A incrível história do Dr. Rufo

Exerce advocacia há quase três décadas, mas para obter a licenciatura teve de forjar documentos da Faculdade de Direito de Coimbra.  

É impossível que um homem viva nestas circunstâncias sem sentir medo. Mas Luís que, durante quase trinta anos, construiu a vida fazendo-se passar por advogado e fidalgo com documentos forjados, nunca pensou ser apanhado. Enriqueceu, tem duas belas mansões, um Porche e um Mercedes e até pode ter vocação. Mas não é uma coisa nem outra. Aqui fica a incrível história do Dr. Rufo

Luís Manuel Rodrigues Gonçalves Rufo pode até tornar-se num fantasma, já que o seu passado é uma vigarice e o futuro uma incógnita. O homem, nascido em 1955 em Viana do Castelo, exerce advocacia há quase três décadas, mas para obter a licenciatura teve de forjar documentos da Faculdade de Direito de Coimbra. O seu nome tem, porém, grande reputação em Braga, onde já foi advogado da diocese e do próprio arcebispo D. Jorge Ortiga, retirado recentemente, e ex-provedor da Irmandade de Santa Cruz, uma IPSS composta por um lar e uma creche sob a alçada do mesmo episcopado.

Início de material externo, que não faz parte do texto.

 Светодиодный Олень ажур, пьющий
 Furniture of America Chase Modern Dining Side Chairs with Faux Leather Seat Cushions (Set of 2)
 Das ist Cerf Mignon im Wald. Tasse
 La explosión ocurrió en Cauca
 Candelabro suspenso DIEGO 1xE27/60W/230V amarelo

Como clientes, Rufo tem também vários empresários – entre os quais Artur Martins Azevedo, fundador em 1976 da Fricon, uma sociedade especializada na produção e comercialização de equipamentos de congelação e refrigeração de Vila do Conde, com uma fortuna avaliada em milhões. Com subtilezas, Rufo conseguiu que o empresário depositasse mais confiança nele do que na prole, tendo-o tornando testamenteiro da farta herança e deixando os filhos na sua dependência. 

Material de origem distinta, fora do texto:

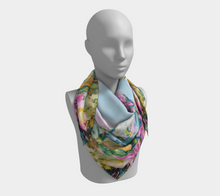 Load image into Gallery viewer, Orchid Bliss Silk Square Scarf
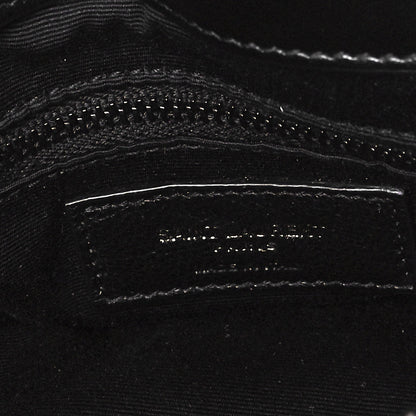 Saint Laurent Calfskin Y Quilted Monogram Medium Loulou Chain Satchel Black 6 of 9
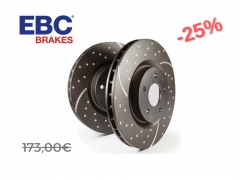 Discos EBC Turbo Grooved Frente BWW e36 286mm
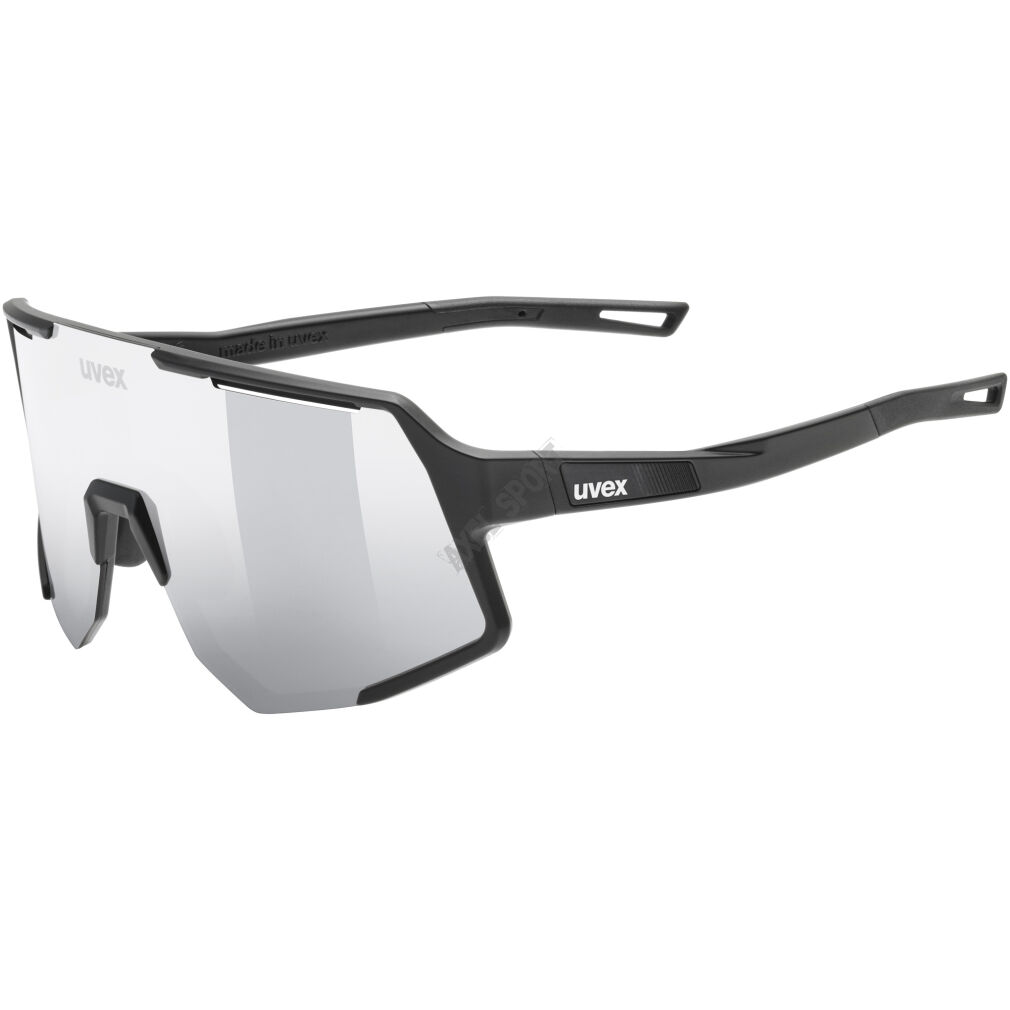 Okulary rowerowe przeciwsłoneczne UVEX Sequenze black matt/mirror silver S3
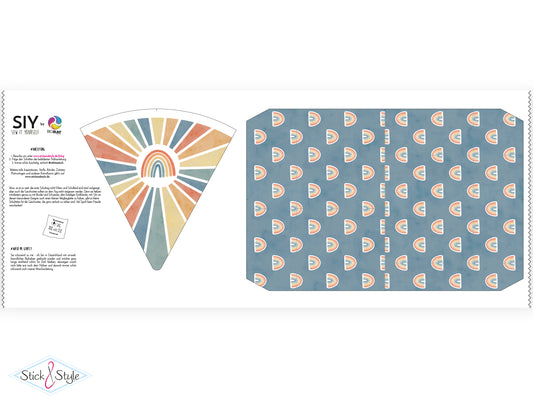 Geschwister Schultüte auch DIY aus Stoff - Classic Rainbow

Com a deliberação de dar cor às suas origens, Luís Rufo apresenta-se como fidalgo, complementando a farsa com o uso de um brasão de armas abusivo. Nasceu, no entanto, em berço modesto: o seu progenitor era um simples trabalhador da antiga Sacor e, a mãe, como tantas outras mulheres neste arcaico país, passava o santo dia à volta dos tachos e panelas e a mudar os cueiros aos seis filhos que nasceram de afogadilho.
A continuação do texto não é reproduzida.